The likes of Alex Teixeira and Jackson Martinez both turned down high-profile European clubs for moves to the CSL while Ramires, Gervinho, Fredy Guarin, and Ezequiel Lavezzi also made the move to the Far East. More lavish transfer spending is predicted, with huge contracts compensating for the fairly poor footballing infrastructure and the relative obscurity such a move makes unavoidable.
The monumental growth in stature of Chinese football is largely down to the obsession and efforts of President Xi Jinping. After rising to power in 2013, Jinping began his focus on developing football in the Far East, and China is ultimately winning its claim for relevance.

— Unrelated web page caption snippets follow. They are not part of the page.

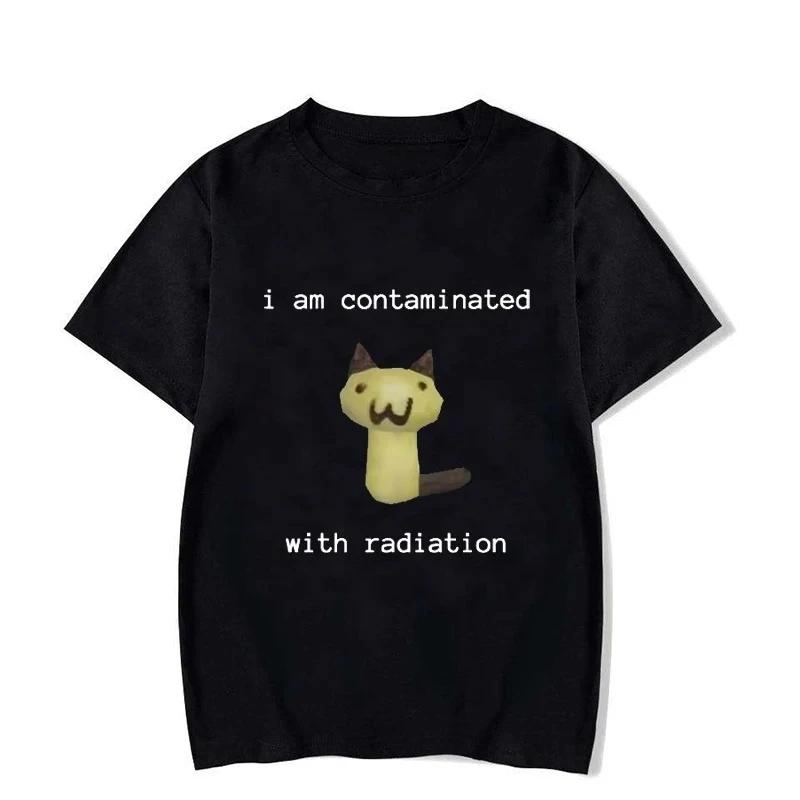 2026 New I Am Contaminated with Radiation Funny Cat Meme Tshirt Short Sleeve Unisex Women Vintage T Shirt Male T Shirts Summer S
2026 New I Am Contaminated with Radiation Funny Cat Meme Tshirt Short Sleeve Unisex Women Vintage T Shirt Male T Shirts Summer S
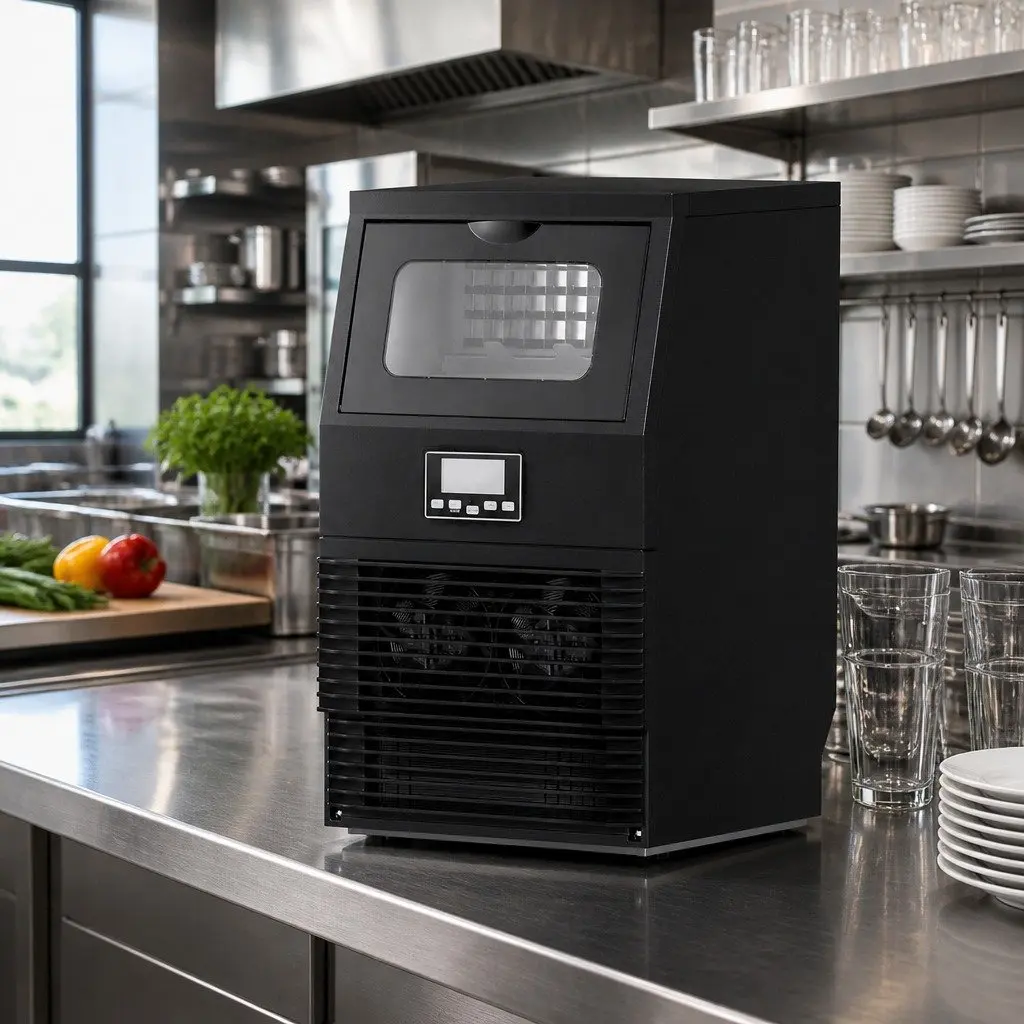 Ice Maker Machine for Kitchen 30kg Black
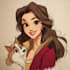 draw you cute disney portrait for streamer, bookwrite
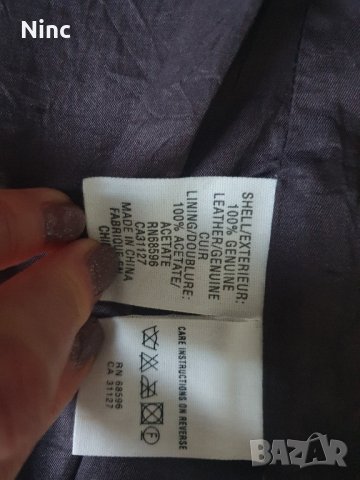 Дамско сако DKNY  ест.кожа, снимка 4 - Якета - 42937031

Xi himself is a football fan, but the development of the game is also an opportunity to exert soft power in otherwise difficult-to-reach areas of the world; the universal appeal of football affords China with an opportunity to present a friendly face to an otherwise suspicious international community.

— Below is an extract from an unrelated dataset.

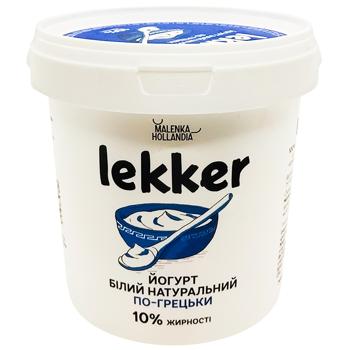 Lekker Greek White Natural Yogurt 10% 1kg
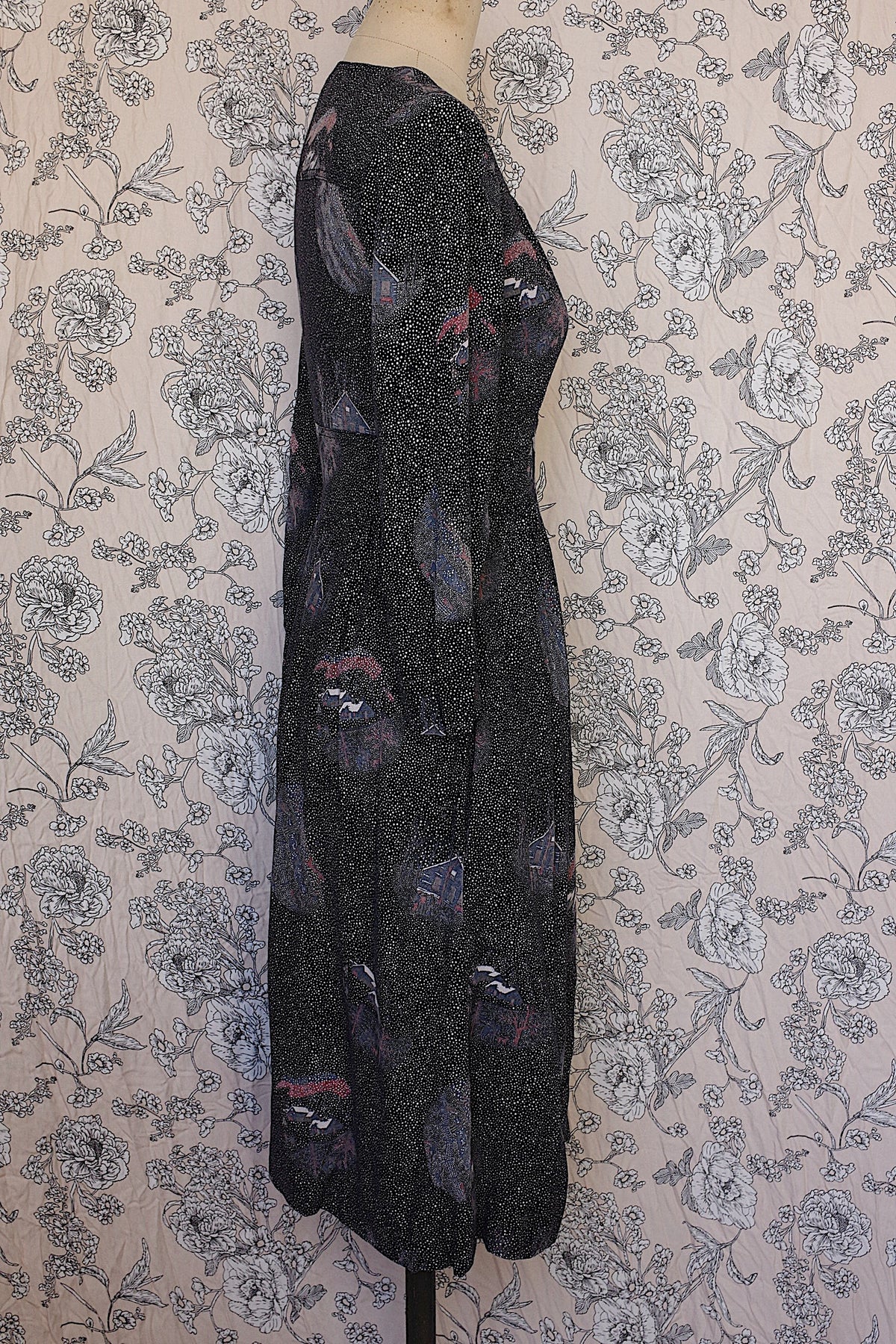 ヴィンテージワンピース vêtement vintage daniel hechter 雪 4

Whatever the motives, Chinese football is only set to grow further. The financial muscle in the transfer market is backed by long-term investment as faith in the industry grows among Chinese businesses. Money, politics and sport have conflated to created a powerful machine.
A TV rights deal in late 2015 saw China Media Capital (CMC) pay $1.3 billion for the next five years of the rights to the Chinese Super League, and money is being poured into what is actually one of China's slower-growth industries. LeEco, an upstart online video company, legitimized CMC's valuation by paying $400 million for the first two years. 'The government has a plan to create a sports industry worth $800 billion by 2025 and accounting for 1% of the GDP. The football industry is one of the major pillars,' said Hou Po, managing partner of China technology, media and telecommunications industry at Deloitte's Shanghai office.
And European clubs are beginning to exploit the opportunities this growth is creating. A report by the Mailman group, a Shanghai-based firm, found that of the 12 most dominant digital presences in China, six were English clubs - an unsurprising result given the lengths Premier League clubs have gone to when building an online presence in Asia. The report took into account not just followers and likes but comments and shares, building a more accurate picture of engagement. And the interest is reciprocal; China Media Capital purchased a 13% in Manchester City's parent company, City Football Group in December 2015, and Chinese investors have bought stakes in the likes of Atletico Madrid, Espanyol and Slavia Prague.
Perhaps unexpectedly, the club that topped the leaderboard was Bayern Munich - the only German Bundesliga club in the top 12 - pipping Manchester United to the top spot. The rise can be explained, in part, by the fact that the Bundesliga sold a portion of its TV rights to free-to-air broadcasters, making games more widely available to audiences. The policy could pay dividends in the long-term, but at present pay-TV deals are more lucrative, hence the Premier League's decision to sell exclusively to pay-only broadcasters. Bayern also played three games in China as part of their summer preparations, where English clubs largely focussed on the North American market.
Premier League clubs remain dominant, though, as part of the biggest league for live games broadcast over internet connections. Sunderland, with the 22nd-biggest online presence in China, are ahead of the likes of Borussia Dortmund and Celtic, for example. But, with China preparing a World Cup bid for 2026, as well as planning the creation of a Chinese sports industry worth $800 billion by 2025, the rising eastern power may be set to challenge Europe's footballing monopoly in the years to come.